Prompt » The answer must consist solely of the lines from the one containing "Women walk between" through the last line of the records, set down exactly and without any pictures.

Entries supplied »
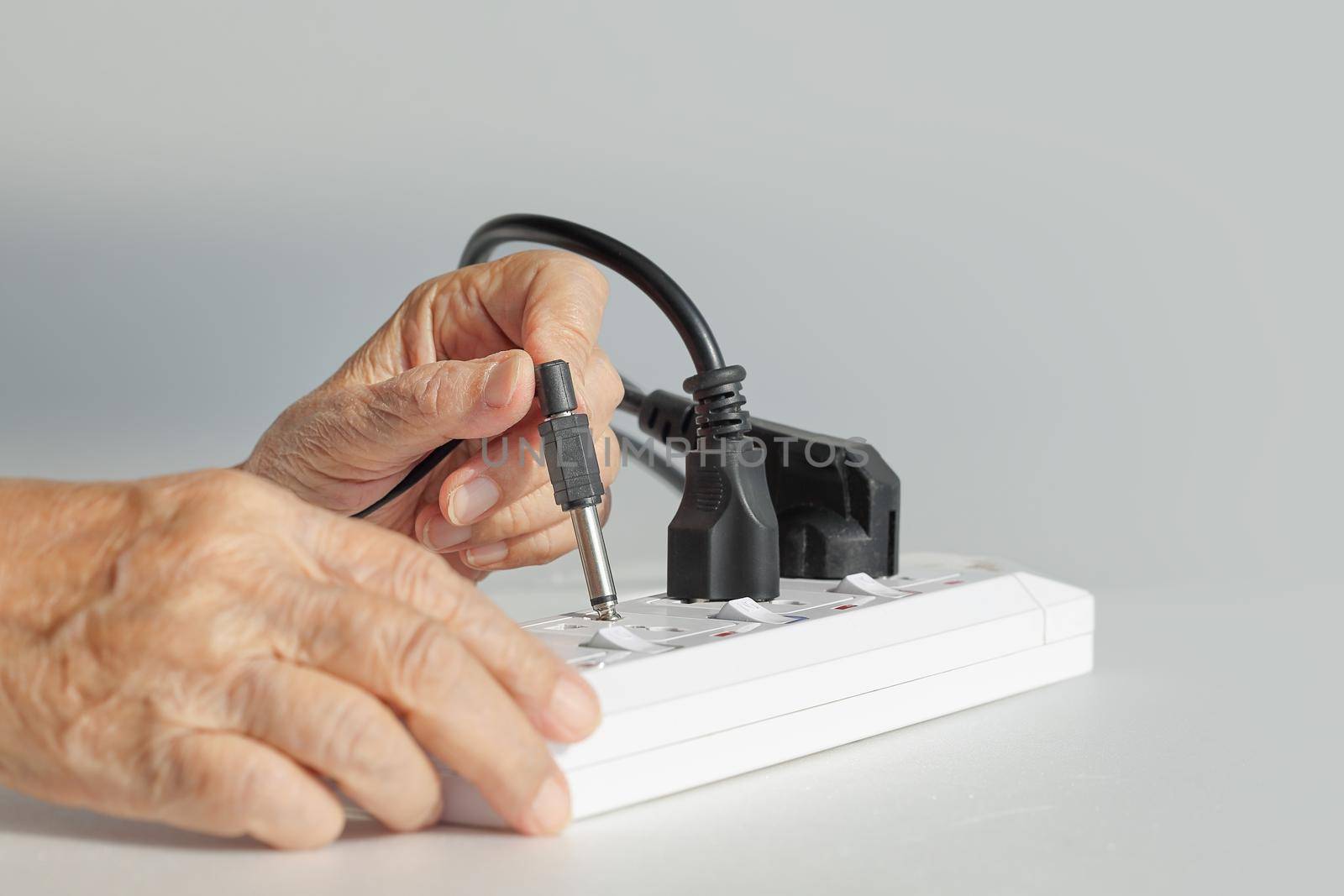 Elderly have a problem mistake plugging socket type to electrical outlet.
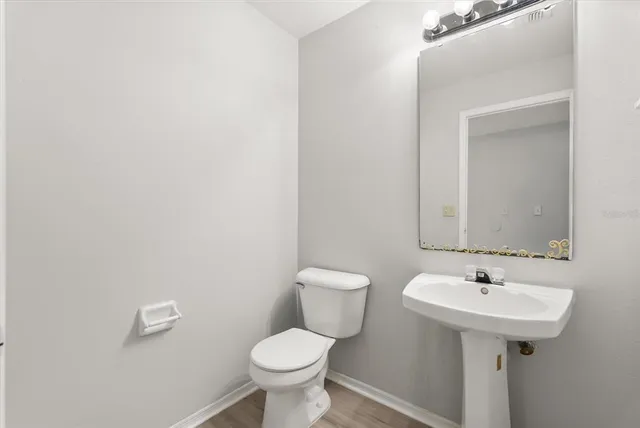 a bathroom with a sink toilet and a mirror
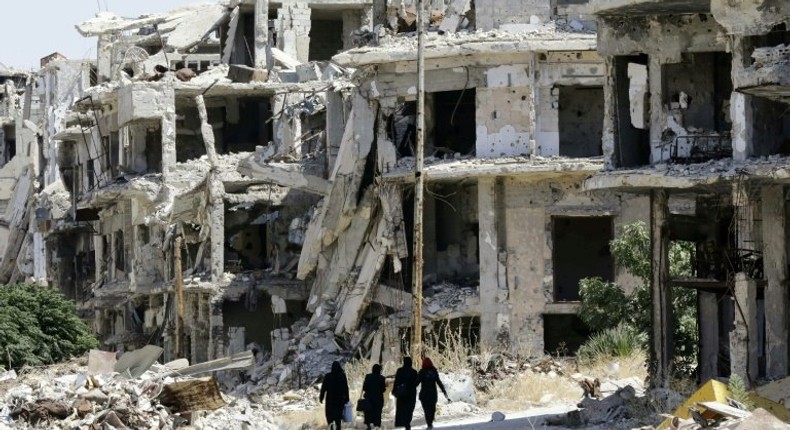 Women walk between destroyed buildings in the government-held Jouret al-Shiah neighbourhood of the central Syrian city of Homs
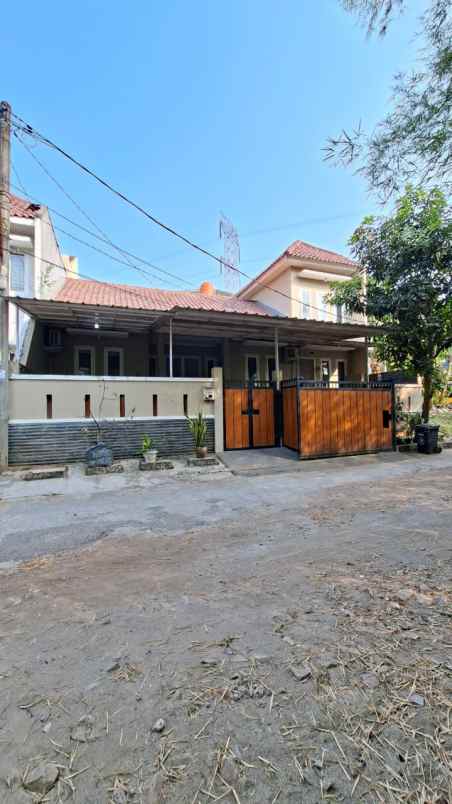 rumah 1 5lt hdp timur semi furnished cluster di cinere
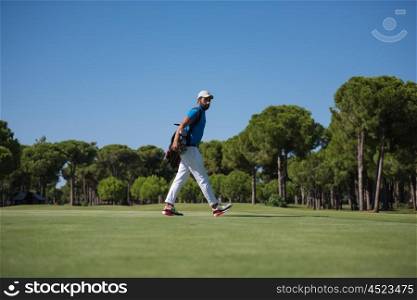 handsome middle eastern golf player carrying bag and walking at course to next hole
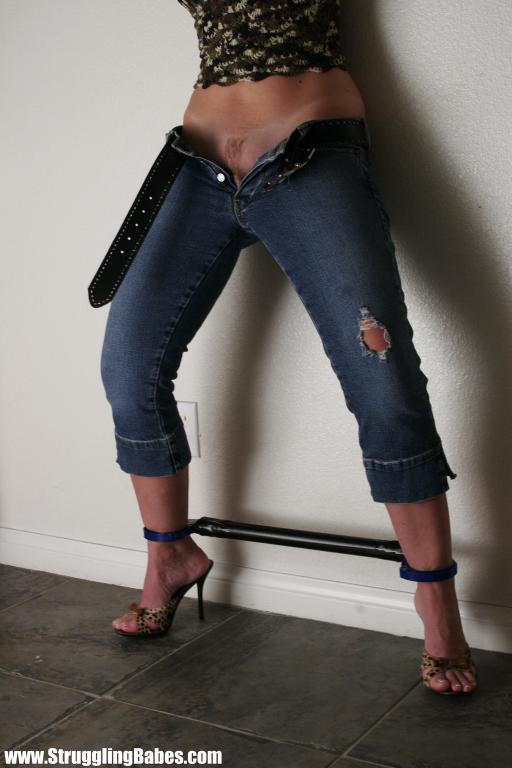 Tasty blonde in sexy top and jeans pants bound hands and legs apart - XXXonXXX - Pic 7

Output of the task »
 Women walk between destroyed buildings in the government-held Jouret al-Shiah neighbourhood of the central Syrian city of Homs
 rumah 1 5lt hdp timur semi furnished cluster di cinere
 handsome middle eastern golf player carrying bag and walking at course to next hole
 Tasty blonde in sexy top and jeans pants bound hands and legs apart - XXXonXXX - Pic 7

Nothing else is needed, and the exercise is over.